Guide complet des litiges immobiliers au Bénin et solutions

Vue d’ensemble des types de litiges immobiliers courants au Bénin

Temps de lecture estimé : 8 minutes

À retenir

  • Le dualisme juridique entre droit coutumier et droit moderne est la source principale des conflits fonciers.
  • La double vente d’un même terrain à plusieurs acquéreurs est une fraude courante et dévastatrice.
  • Un plan de bornage contradictoire réalisé par un géomètre-expert agréé est la meilleure protection contre les litiges de limites.
  • Une due diligence (enquête préalable) rigoureuse auprès de l’ANDF est indispensable avant tout achat.
  • Les litiges successoraux sont fréquents et peuvent être évités par la rédaction d’un testament chez un notaire.

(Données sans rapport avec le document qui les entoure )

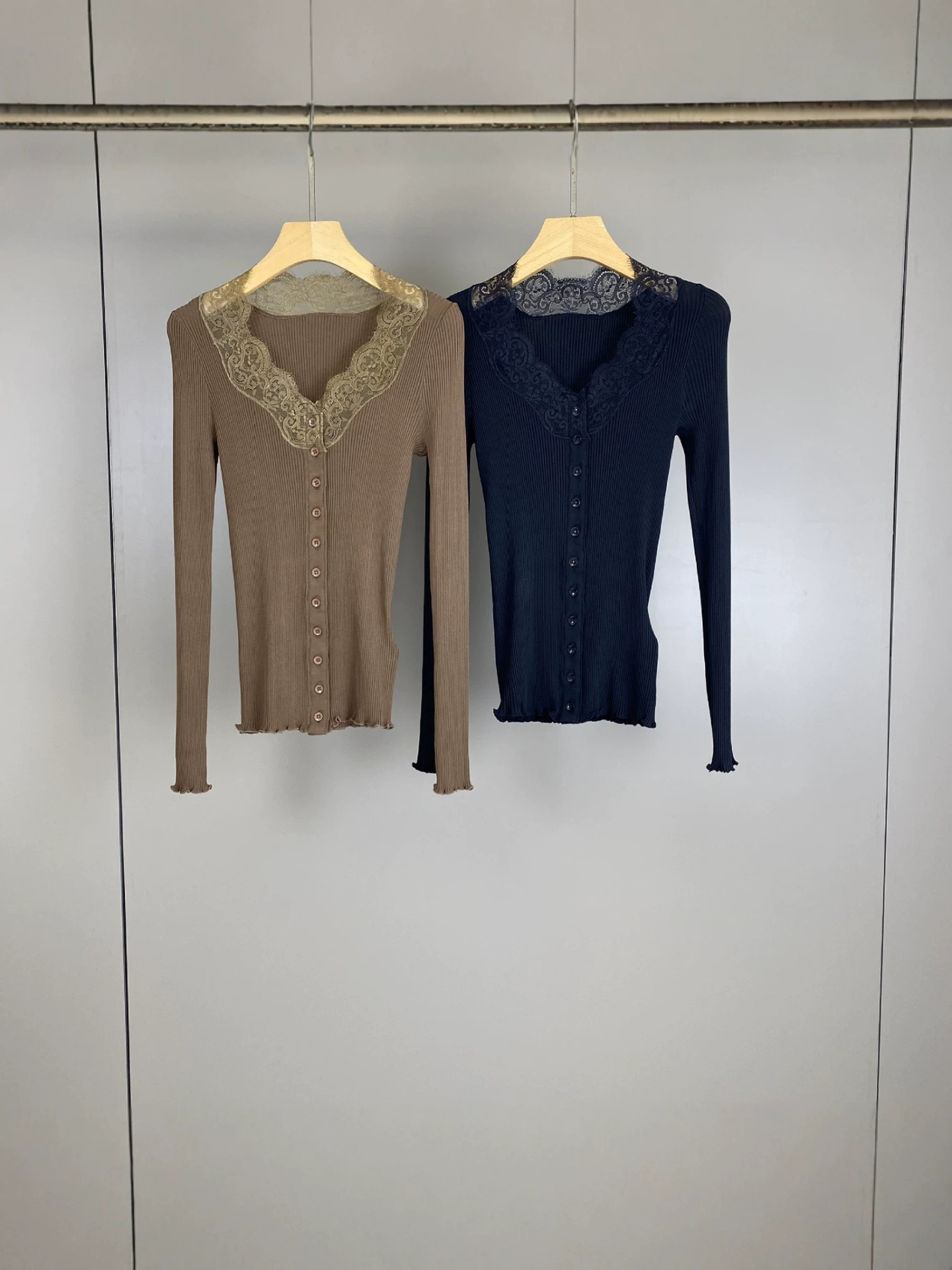 Autumn/Winter New Collection: Silk Vneck Lace Patchwork Knit Solid Color Cardigan, Fashionable And Elegant For Work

Le Contexte Béninois : Un Terreau Fertile pour les Litiges

Pour saisir la nature des litiges immobiliers au Bénin, il est essentiel de comprendre le contexte dans lequel ils émergent. Le secteur foncier a longtemps été marqué par une insécurité généralisée, un héritage de la coexistence d’un droit coutumier, basé sur la tradition orale et la notoriété, et d’un droit moderne écrit. Cette dualité juridique a créé un vide où les malentendus et les abus prospèrent.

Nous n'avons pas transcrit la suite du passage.